DOES THE OBSTRUCTION HAVE LESS
EFFECTS IN CCD THAN IN VISUAL ?

 

We sometimes hear that in CCD the optics have less importance, and in particular that the effects of the central obstruction of telescopes are far less "devastating" in digital imaging than in visual observation. Are there objective elements that can support this opinion?

The influence of obstruction (see What are the effects of obstruction?) can be summarized to a drop of contrast of the image in low and medium spatial frequencies. One can therefore consider it as an optical aberration in the same capacity as spherical aberration, misalignment or even a focus defect : all are wavefront degradations that cause a drop of contrast. Besides, it is interesting to notice that, as shown in the following MTF curve (see What is a MTF curve?), the influence of these different aberrations is quite similar. In particular, all show a general drop of contrast from the lowest frequencies. A simulation of atmospheric turbulence (see the book Star Testing Astronomical Telescopes) also show a quite similar drop of contrast.

 

Practice of CCD (or webcam) imaging has since a long time demonstrated the visible and irreparable effects of misalignment, strong spherical aberration or bad seeing on the quality of digital images as well as in visual observation. The most famous example is perhaps the Hubble Space Telescope that originally suffered from a strong spherical aberration whose consequence on its CCD images was disastrous since these images showed performances inferior to those of a good 16" telescope, although the optics of the HST have a diameter of 96" (it is coherent with the MTF curve of the original optics of the HST that show a drop of contrast in low and medium frequencies of about 6 times).
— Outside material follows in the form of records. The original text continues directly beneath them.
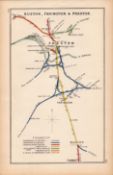 Preston Euxton & Farington Coloured Antique Railway Junctions Diagram-62.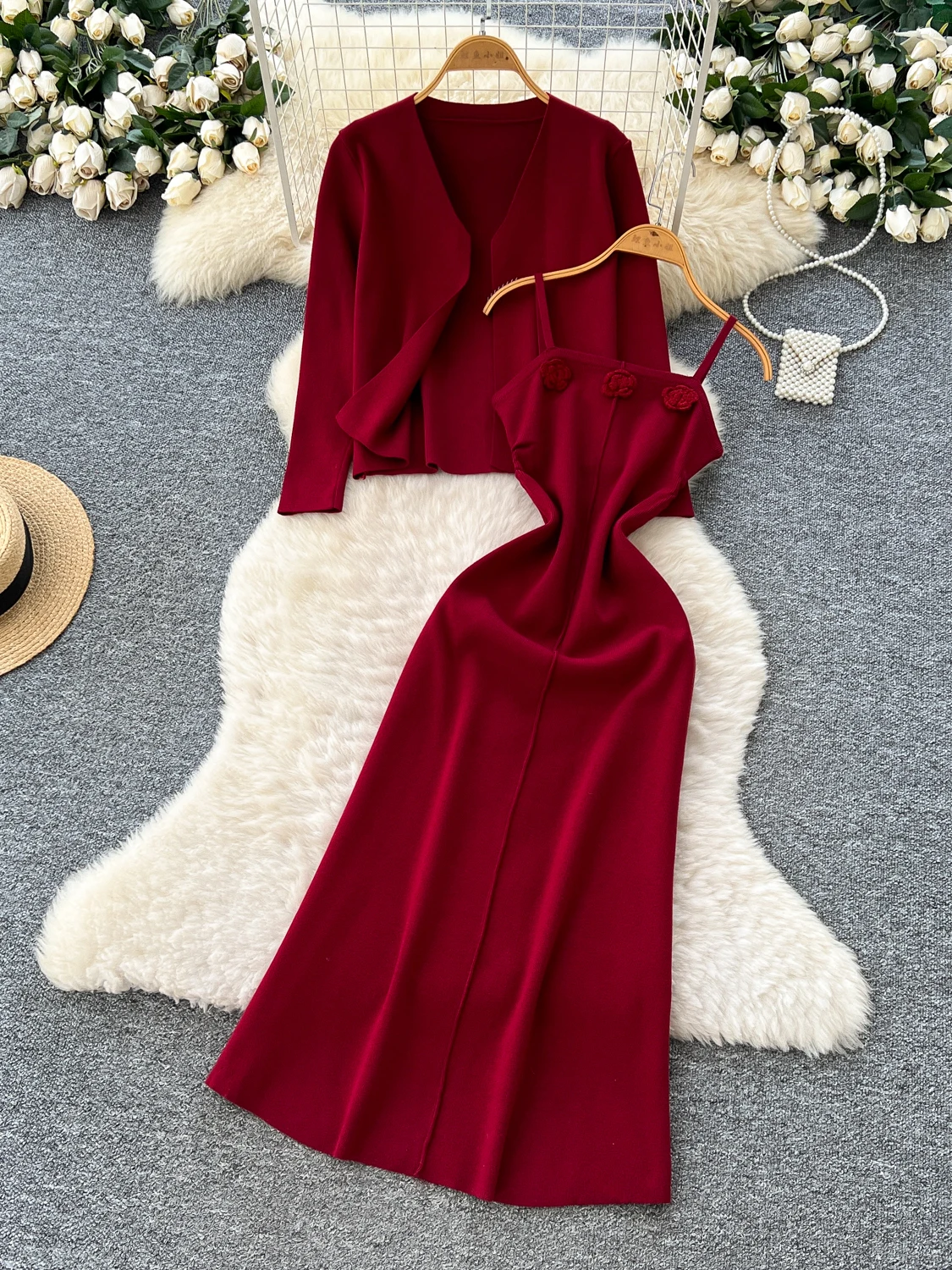 Fall Faion Elegance Women's Pure Desire 3D Flower Print Knitted Dr with Long Sve Outerwear Two-Piece Set Casual Workwear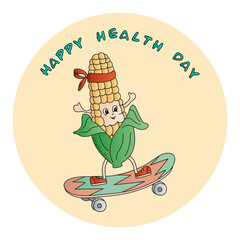Vegetable corncob is actively involved in sports demonstrating a healthy lifestyle. Doodles hand drawn funny color vector  illustration
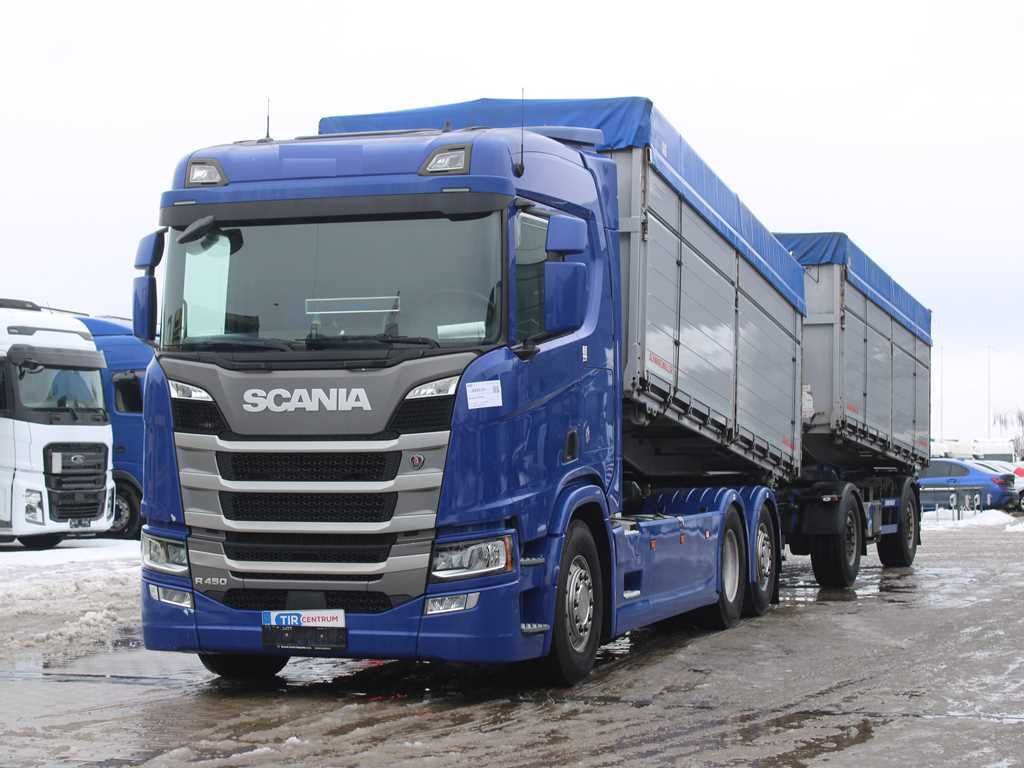 Scania R450, 6X2, EURO 6, THREE-WAY, RETARDER, LIFTING AXLE, NAVIGATION + SCHWARZMULLER TRAILER - Volquete camión: foto 1 Scania R450, 6X2, EURO 6, THREE-WAY, RETARDER, LIFTING AXLE, NAVIGATION + SCHWARZMULLER TRAILER - Volquete camión: foto 1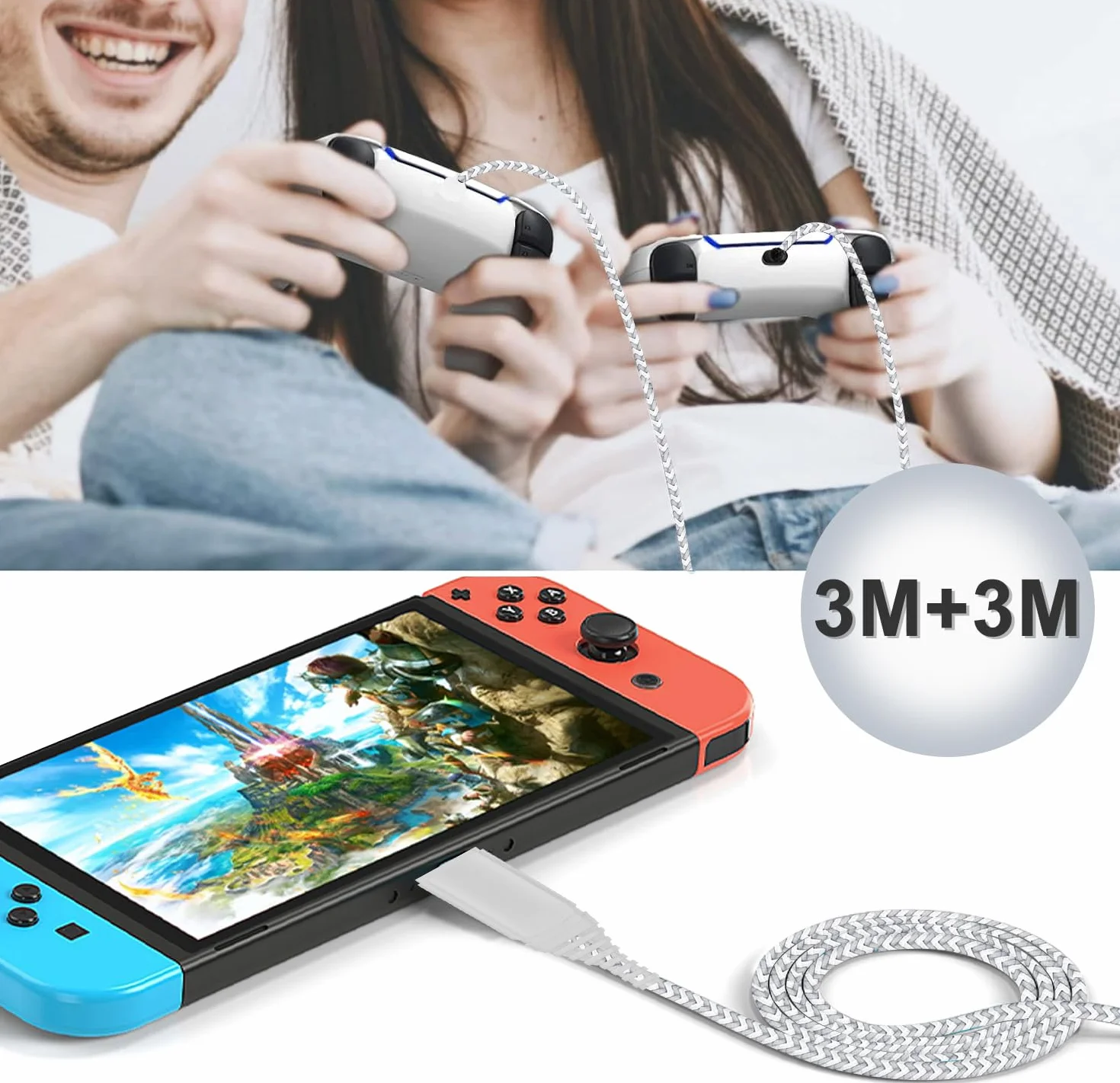 Kabel do ładowania PS5, 3 m, 2 sztuki, USB A na USB C, nylonowy kabel do szybkiego ładowania do kontrolera Playstation 5/Sony PS5 Dualsense, Nintendo Switch, Switch Pro, kabel do transmisji danych, 3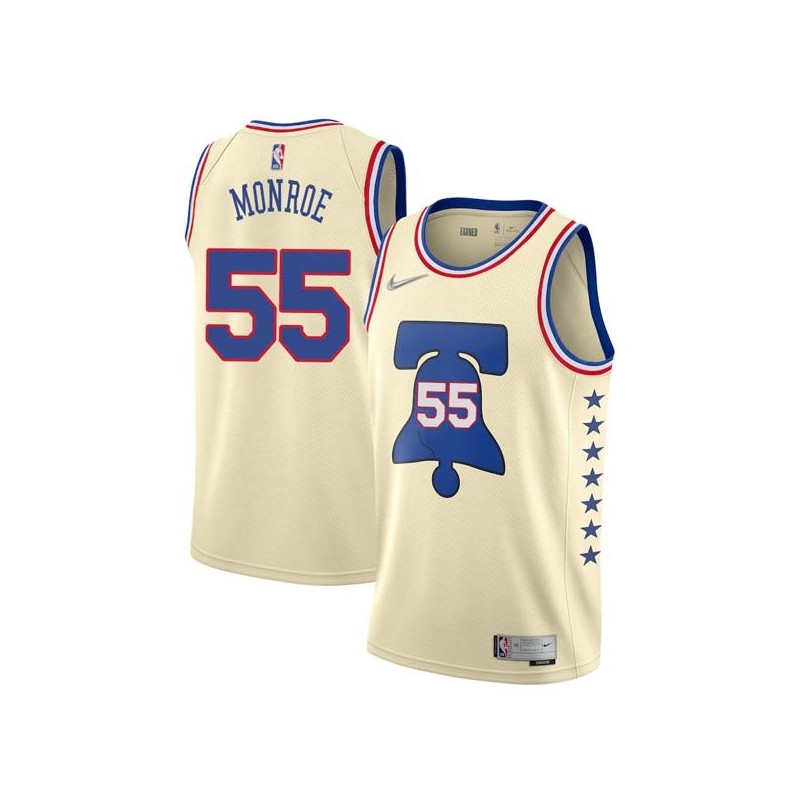 Cream Earned Greg Monroe 76ers #55 Twill Basketball Jersey FREE SHIPPING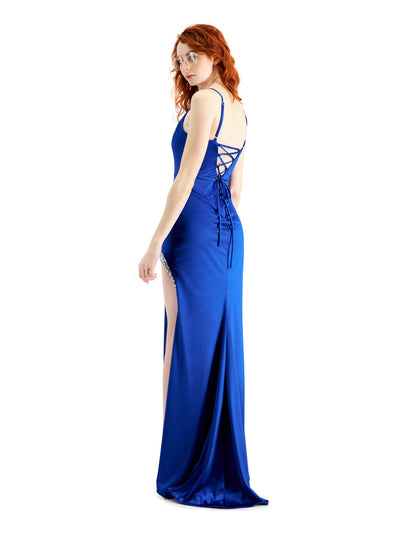 CITY STUDIO Womens Blue Embellished Slitted Lace Up Back Spaghetti Strap Full-Length Evening Sheath Dress 7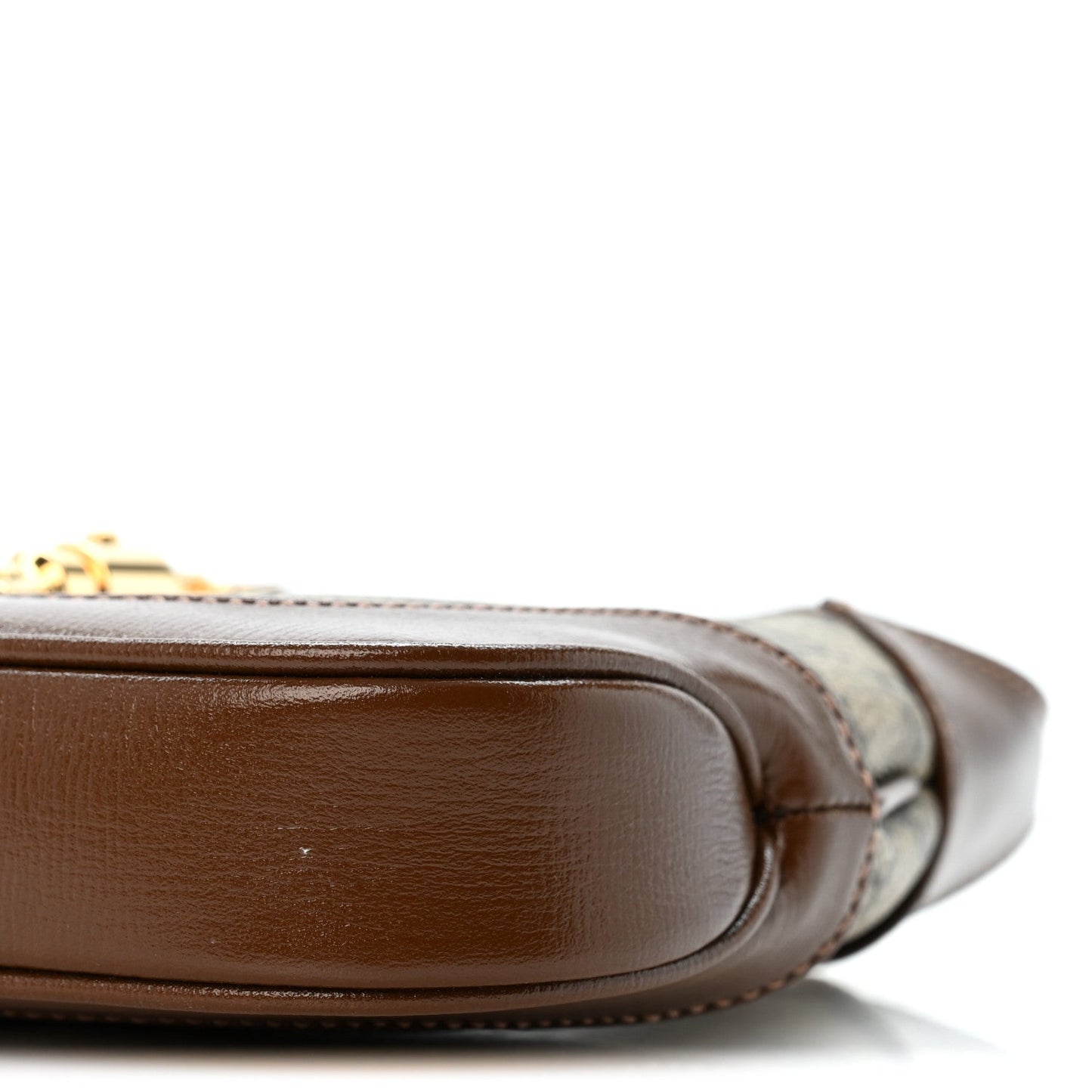 GG Supreme Monogram Azalea Calfskin Web Mini Jackie 1961 Hobo Beige Ebony Brown Sugar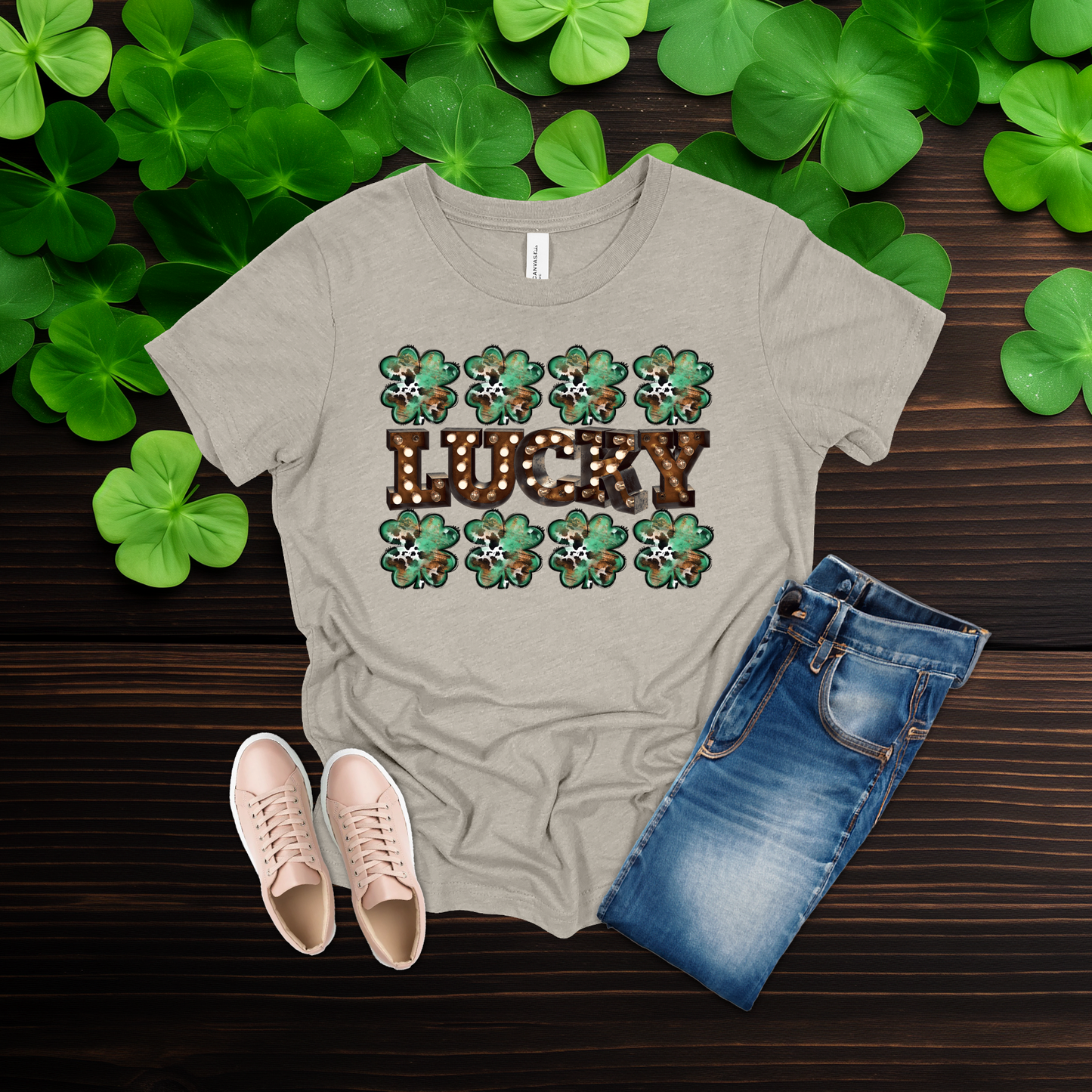 Youth Lucky Lights Shamrock St. Patrick’s Day T-Shirt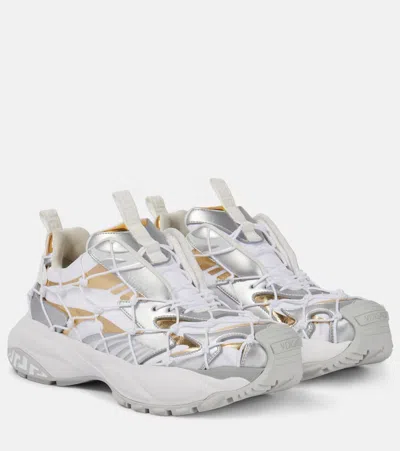 VERSACE MERCURY LEATHER-TRIMMED SNEAKERS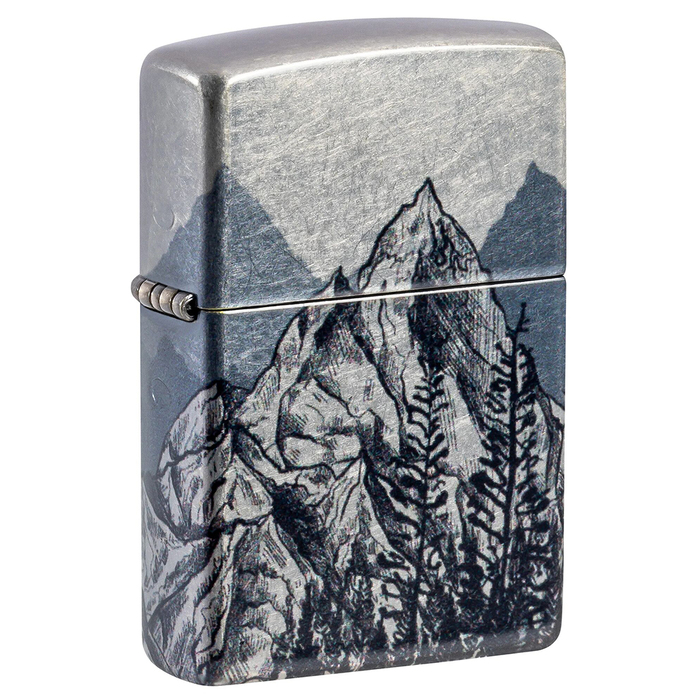 Зажигалка ZIPPO Набросок горы с покрытием Искусственно состаренный хром на 540 | Mountain Sketch 540 Tumbled Chrome, латунь/сталь, разноцветная, 38x13 для нанесения логотипа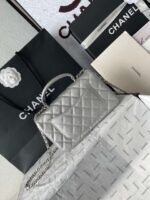 Chanel silver AS2431 ball pattern handbag autumn and winter latest CF handbag series advanced version size：20x14x7cm - Image 7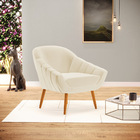 Poltrona Giovana Linho Pés Palito Castanho D03 - D'rossi - A1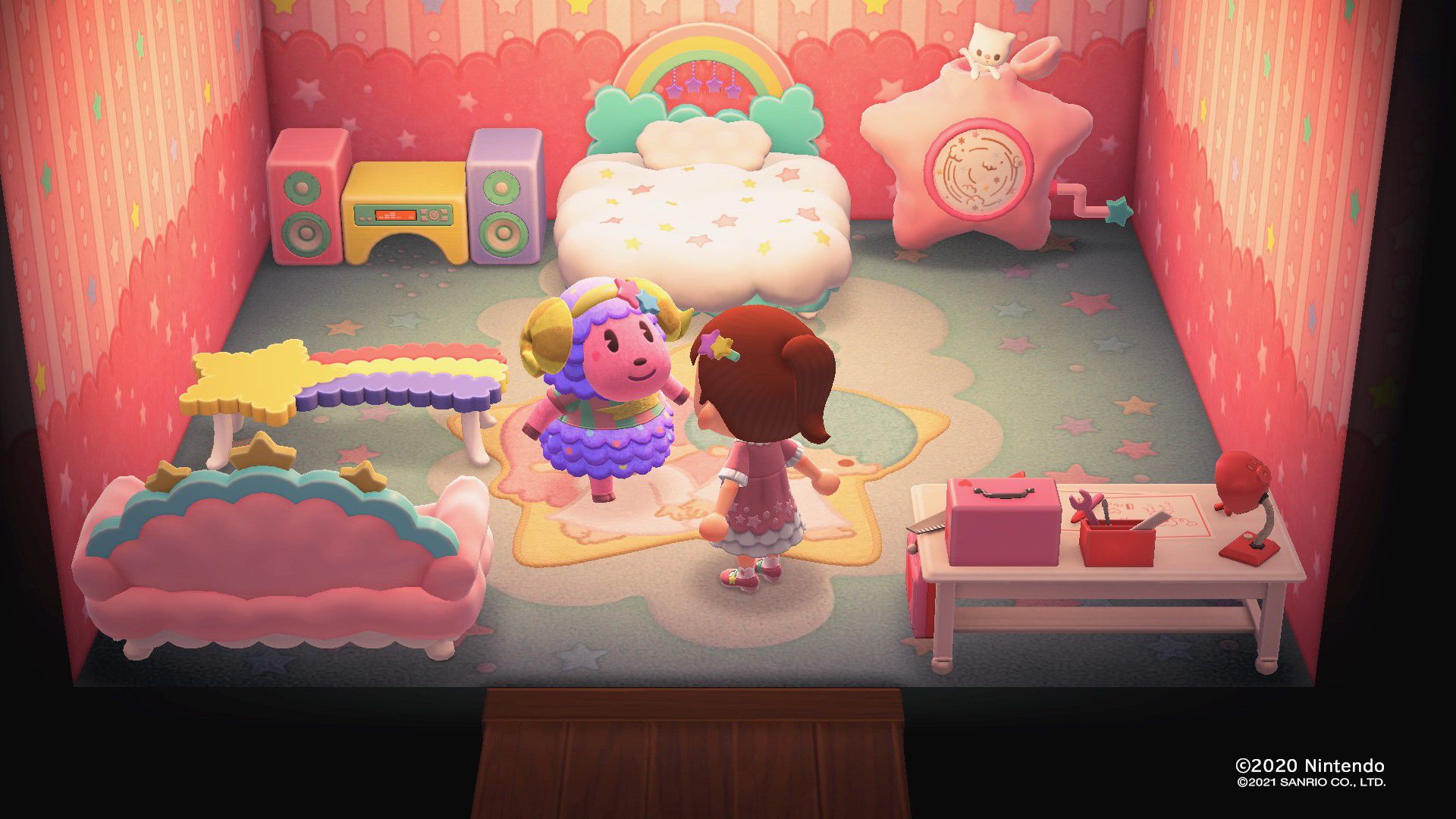 Animal Crossing New Horizons Sanrio Etoile in her house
Everyone who practices planetary imaging knows that a CCD image is something fragile, taken in difficult conditions (low light, turbulence...) and where information is always ready to disappear before the least problem. It doesn't matter that a drop of contrast is due to a cause or another, it is still a drop of contrast and its effects are still the same: the subtle details disappear or vanish in the noise of the image. While all aberrations have visible effects, by which miracle the obstruction, and only it, could distinguish itself by negligible effects in digital imaging?
Image processing is indeed able to increase the contrast of a digital image but this manipulation presents strong limitations due to noise. Moreover, an increase of the contrast can be applied as well on an image taken with a low obstruction and an image taken with a higher obstruction: if there is a large difference of quality between both images before processing, the difference will remain of course after processing!

The is no objective reason to claim that the obstruction has less important effects in CCD. On the contrary, everything tends to prove that its effects can be felt in CCD as well as in visual observation. By way of consequence, the underlying claim that instruments obstructed at about 35% would present visual performances extremely damaged by their obstruction while being able of excellent CCD images is, as well, an idée reçue.